I am also a lawyer who spends much of my time in courthouses across the west Georgia area. I am fully aware of the recent shootings at schools and courthouses across the nation. I am also deeply saddened by the senseless loss of life as a result.
With that being said, I am going to tell you some things that some people will not like to hear. Oftentimes, the truth has that effect. Nevertheless, here is a summary are what rights are protected under the 2nd Amendment to the United States Constitution.
The text of the Second Amendment plainly and clearly states: A well regulated Militia, being necessary to the security of a free State, the right of the people to keep and bear Arms, shall not be infringed.
While gun control advocates and advocates of Constitutional rights have argued over the meaning of the 2nd Amendment for over 200 years, the federal courts have basically turned a blind eye to the issue until fairly recently.
Finally, in 2008, the United States Supreme Court issued what is now the landmark case on the 2nd Amendment in District of Columbia v. Heller.
A few years ago, handgun possession was banned under District of Columbia law. The law prohibited the registration of handguns and made it a crime to carry an unregistered firearm. Furthermore, all lawfully owned firearms had to be kept unloaded and dissembled or bound by a trigger lock unless they are being used for lawful recreational activities or located in a place of business.
Dick Heller was a special police officer in the District of Columbia. The District refused Heller’s application to register a handgun he wished to keep in his home. He filed a lawsuit in the Federal District Court for the District of Columbia on Second Amendment grounds. Heller sought an injunction against enforcement of the bar on handgun registration, the licensing requirement prohibiting the carrying of a firearm in the home without a license, and the trigger-lock requirement insofar as it prohibits the use of functional firearms within the home.
The case eventually ended up in the United States Supreme Court. The Court’s opinion, authored by the brilliant Justice Antonin Scalia, found the D.C. law to be unconstitutional and held that:
The Second Amendment protects an individual right to possess a firearm unconnected with service in a militia, and to use that arm for traditionally lawful purposes, such as self-defense within the home.
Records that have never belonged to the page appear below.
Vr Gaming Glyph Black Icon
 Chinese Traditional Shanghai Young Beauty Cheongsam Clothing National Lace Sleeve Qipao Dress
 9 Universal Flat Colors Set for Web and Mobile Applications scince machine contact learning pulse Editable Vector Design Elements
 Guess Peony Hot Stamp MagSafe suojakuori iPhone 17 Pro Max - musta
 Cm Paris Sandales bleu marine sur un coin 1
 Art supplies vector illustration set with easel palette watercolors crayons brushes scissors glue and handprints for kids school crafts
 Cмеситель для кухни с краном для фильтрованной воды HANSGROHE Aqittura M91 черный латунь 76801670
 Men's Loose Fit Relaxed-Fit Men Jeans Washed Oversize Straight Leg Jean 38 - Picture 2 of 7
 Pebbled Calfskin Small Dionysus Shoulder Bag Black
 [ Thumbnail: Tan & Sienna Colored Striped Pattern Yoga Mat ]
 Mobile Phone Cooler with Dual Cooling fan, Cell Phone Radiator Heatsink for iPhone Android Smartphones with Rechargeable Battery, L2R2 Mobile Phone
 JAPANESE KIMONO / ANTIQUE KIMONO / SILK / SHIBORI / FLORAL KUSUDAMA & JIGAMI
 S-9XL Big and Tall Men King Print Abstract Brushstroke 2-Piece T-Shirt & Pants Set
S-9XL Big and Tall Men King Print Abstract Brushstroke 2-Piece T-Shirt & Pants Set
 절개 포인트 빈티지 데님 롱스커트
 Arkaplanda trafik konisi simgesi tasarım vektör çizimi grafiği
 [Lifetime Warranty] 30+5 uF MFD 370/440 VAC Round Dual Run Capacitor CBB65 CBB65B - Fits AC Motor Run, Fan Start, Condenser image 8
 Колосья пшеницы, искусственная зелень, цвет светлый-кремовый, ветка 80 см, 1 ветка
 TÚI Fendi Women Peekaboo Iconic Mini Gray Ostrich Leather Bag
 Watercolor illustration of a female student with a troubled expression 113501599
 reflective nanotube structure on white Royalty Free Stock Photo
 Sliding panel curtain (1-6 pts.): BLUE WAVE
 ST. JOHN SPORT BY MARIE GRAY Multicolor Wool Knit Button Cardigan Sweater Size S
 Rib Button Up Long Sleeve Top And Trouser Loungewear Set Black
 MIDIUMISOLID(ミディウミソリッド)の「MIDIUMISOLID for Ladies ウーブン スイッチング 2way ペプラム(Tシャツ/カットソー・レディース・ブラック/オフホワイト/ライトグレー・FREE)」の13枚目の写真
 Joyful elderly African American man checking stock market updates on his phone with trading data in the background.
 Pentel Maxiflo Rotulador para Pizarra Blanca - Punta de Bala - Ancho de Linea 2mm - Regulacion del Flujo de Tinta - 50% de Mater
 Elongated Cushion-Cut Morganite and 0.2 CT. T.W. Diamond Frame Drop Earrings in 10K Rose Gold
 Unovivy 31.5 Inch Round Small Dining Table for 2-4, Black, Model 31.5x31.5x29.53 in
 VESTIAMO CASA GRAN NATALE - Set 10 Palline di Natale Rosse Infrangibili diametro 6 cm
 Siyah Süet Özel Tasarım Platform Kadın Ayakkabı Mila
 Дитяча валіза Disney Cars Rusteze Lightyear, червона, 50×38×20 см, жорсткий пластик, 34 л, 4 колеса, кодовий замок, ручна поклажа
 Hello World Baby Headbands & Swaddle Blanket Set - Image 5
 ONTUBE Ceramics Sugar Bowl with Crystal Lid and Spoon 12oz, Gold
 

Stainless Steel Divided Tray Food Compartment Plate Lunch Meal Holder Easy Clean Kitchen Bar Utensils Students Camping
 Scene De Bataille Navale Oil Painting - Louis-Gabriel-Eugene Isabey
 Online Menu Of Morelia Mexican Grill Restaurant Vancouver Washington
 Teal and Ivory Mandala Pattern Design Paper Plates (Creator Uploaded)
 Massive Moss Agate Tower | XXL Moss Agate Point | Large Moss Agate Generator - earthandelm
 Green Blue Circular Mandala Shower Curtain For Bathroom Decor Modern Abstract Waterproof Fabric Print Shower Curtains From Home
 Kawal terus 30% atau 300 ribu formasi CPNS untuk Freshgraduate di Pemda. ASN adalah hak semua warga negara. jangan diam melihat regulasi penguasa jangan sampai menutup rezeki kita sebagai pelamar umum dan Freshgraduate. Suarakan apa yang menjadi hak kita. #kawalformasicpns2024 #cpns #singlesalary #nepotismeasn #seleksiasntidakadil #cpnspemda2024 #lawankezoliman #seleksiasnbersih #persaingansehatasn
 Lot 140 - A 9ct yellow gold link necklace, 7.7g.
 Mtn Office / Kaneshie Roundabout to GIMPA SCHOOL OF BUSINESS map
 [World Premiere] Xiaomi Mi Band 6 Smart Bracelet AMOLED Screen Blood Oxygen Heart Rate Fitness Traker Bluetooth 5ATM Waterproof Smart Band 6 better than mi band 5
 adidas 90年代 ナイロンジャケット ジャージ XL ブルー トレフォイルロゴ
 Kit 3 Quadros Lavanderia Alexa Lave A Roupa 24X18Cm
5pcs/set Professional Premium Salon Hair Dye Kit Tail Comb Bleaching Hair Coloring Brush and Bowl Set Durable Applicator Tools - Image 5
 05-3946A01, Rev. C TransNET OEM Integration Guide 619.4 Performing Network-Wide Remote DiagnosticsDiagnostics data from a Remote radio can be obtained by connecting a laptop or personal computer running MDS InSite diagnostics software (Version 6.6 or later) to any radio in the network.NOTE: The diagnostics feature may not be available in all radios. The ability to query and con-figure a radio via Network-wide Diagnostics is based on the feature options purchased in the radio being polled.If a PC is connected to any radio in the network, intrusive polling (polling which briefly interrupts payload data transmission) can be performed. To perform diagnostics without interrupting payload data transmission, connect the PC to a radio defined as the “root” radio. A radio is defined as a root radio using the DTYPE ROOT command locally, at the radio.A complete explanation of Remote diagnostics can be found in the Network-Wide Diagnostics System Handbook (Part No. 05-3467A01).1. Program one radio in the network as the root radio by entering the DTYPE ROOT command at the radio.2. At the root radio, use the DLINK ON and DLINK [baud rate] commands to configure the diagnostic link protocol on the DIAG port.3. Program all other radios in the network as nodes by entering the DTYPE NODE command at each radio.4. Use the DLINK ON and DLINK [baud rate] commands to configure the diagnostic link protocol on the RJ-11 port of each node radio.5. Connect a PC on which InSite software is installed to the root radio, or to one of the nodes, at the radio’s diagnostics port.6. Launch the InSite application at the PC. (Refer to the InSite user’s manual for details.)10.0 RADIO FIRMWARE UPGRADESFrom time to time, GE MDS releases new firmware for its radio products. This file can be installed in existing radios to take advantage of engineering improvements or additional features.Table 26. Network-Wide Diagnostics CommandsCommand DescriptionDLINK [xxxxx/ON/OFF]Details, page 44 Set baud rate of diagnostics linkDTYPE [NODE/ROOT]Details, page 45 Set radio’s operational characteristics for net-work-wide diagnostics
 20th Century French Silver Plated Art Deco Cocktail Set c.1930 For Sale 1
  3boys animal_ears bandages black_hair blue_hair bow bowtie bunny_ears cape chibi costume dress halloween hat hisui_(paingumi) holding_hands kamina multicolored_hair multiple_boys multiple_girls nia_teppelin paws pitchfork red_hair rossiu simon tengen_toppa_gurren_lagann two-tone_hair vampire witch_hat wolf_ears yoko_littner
The handgun ban and the trigger-lock requirement (as applied to self-defense) violated the Second Amendment. The total ban on handgun possession in the home amounted to a prohibition on an entire class of arms that Americans overwhelmingly chose for the lawful purpose of self-defense. This prohibition fails constitutional muster under any standard of scrutiny. Similarly, the requirement that any lawful firearm in the home be disassembled or bound by a trigger lock would make it impossible for citizens to use arms for the core lawful purpose of self-defense and is therefore unconstitutional.
However, the Court also held that the 2nd Amendment right is not a right to keep and carry any weapon in any manner and for any purpose. The Court has upheld gun control legislation including prohibitions on concealed weapons and possession of firearms by felons and the mentally ill, laws forbidding the carrying of firearms in sensitive places such as schools and government buildings. Each state has vastly different laws governing these prohibitions.
The bottom line is this. Qualifying Americans have an individual right to keep and bear arms. That is and will always be true regardless of the debate on gun control measures. The only way to change this fact would be by the process of passing a Constitutional Amendment repealing the 2nd Amendment.
You will not see this action taken in your lifetime.